Persons having tax residency of any country other than India should also comply with the provisions of Foreign Account Tax Compliance Act (FATCA).

Bank Account

As MFs in India don’t accept investments in foreign currency, PIO/NRIs need to open either a non-resident external rupee (NRE) account or a non-resident ordinary rupee (NRO) account in India to invest.

NRE accounts have tax benefits and may be used to park foreign earnings. Balances in NRE accounts may also be transferred freely to foreign accounts.

On the other hand, in NRO accounts, only earnings generated in India may be deposited. There are restrictions in transferring balances from NRO accounts to foreign accounts and interest earned on the balances in such accounts are taxable.

KYC Process

Once the account is functional, the PIO/NRI may apply for investment along with KYC details accompanied by the required KYC documents like, latest photograph, attested copies of PAN card, passport, residence proof (outside India), bank statement, PIO Card (for PIOs), etc.

A PIO/NRI applicant may get the documents attested by public notaries, court magistrate, judge, authorised officials of overseas branches of scheduled commercial banks registered in India or the Indian embassy/consulate general in the country that they reside.

The applicant must indicate in the KYC form, whether the investment is on a repatriable or non-repatriable basis.

Investment through POA

A PIO/NRI may also invest in MF through another person by giving him/her Power of Attorney (POA). In such a case, signatures of both the PIO/NRI investor and PoA should be present on the KYC documents.

Investment Options

PIO/NRIs may invest in selected equity-oriented funds or other than equity funds (like debt funds, balanced/hybrid funds) of the AMCs, which allows the investors with tax residencies of other countries to invest.

Not all the AMCs allow PIO/NRIs to invest in their MF schemes.

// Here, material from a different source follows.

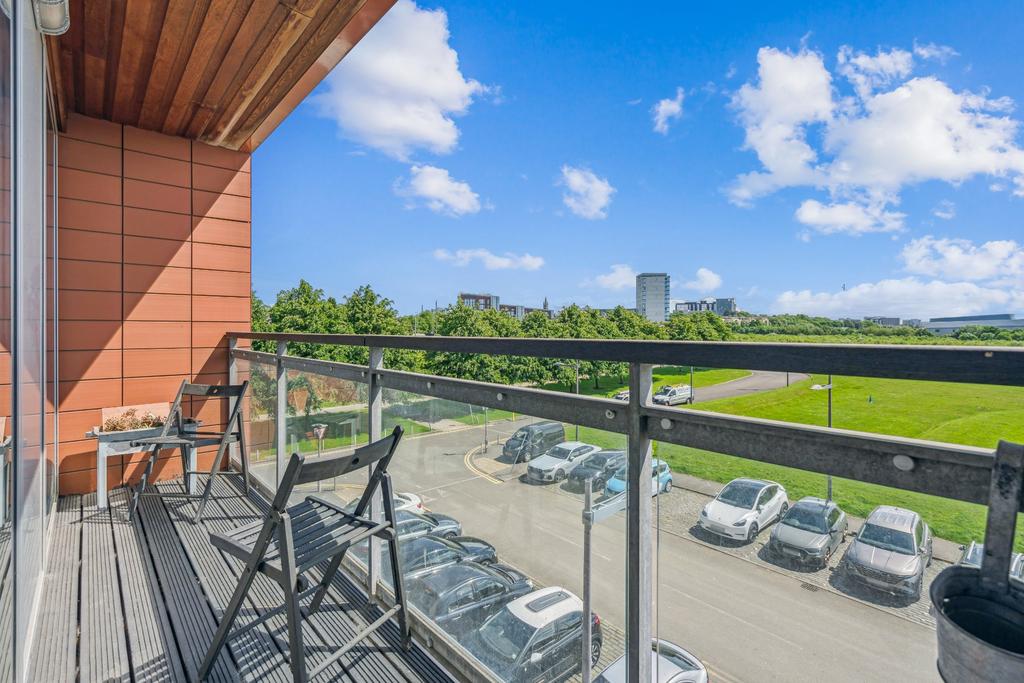 Apartment in Glasgow, Thornwood, Partick - More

Before applying, PIO/NRIs should inquire about the AMCs and the schemes in which they are eligible to invest.

Taxation

The tax is deducted at source (TDS) on short-term and long-term capital gains that arise at the time of redemption of MF units by PIO/NRIs.

Tax on equity-oriented schemes

On LTCG

The long-term capital gain (LTCG) arises when units of an equity-oriented scheme are sold after holding for a period of one year.

The tax on LTCG on equity-oriented funds is 10 per cent without indexation and foreign currency fluctuation benefits + Surcharge as applicable + 4 per cent Cess.

So, the rate of TDS will be 11.96 per cent or 11.44 per cent, depending on surcharge.

On STCG

The short-term capital gain (STCG) arises when units of an equity-oriented scheme are sold within one year of purchasing the units.

The tax on STCG on an equity-oriented scheme is 15 per cent + Surcharge as applicable + 4 per cent Cess.

So, the rate of TDS will be 17.94 per cent or 17.16 per cent, depending on surcharge.

Tax on schemes other than equity-oriented schemes

On LTCG

The long-term capital gain (LTCG) arises when units of a scheme other than an equity-oriented scheme are sold after holding for a period of 36 months.

The tax on LTCG on a scheme other than an equity-oriented scheme is 20 per cent with indexation + Surcharge as applicable + 4 per cent Cess.

So, the rate of TDS will be 28.496 per cent or 26 per cent or 23.92 per cent or 22.88 per cent, depending on surcharge.

On STCG

The short-term capital gain (STCG) arises when units of a scheme other than an equity-oriented scheme are sold within 36 months of purchasing the units.

The tax on STCG on an equity-oriented scheme is marginal income tax rate (i.e. the tax bracket in which the investor falls) + Surcharge as applicable + 4 per cent Cess.

So, assuming that the investor falls in the highest tax bracket of 30 per cent, the rate of TDS will be 42.744 per cent or 39 per cent or 35.88 per cent or 34.32 per cent, depending on surcharge.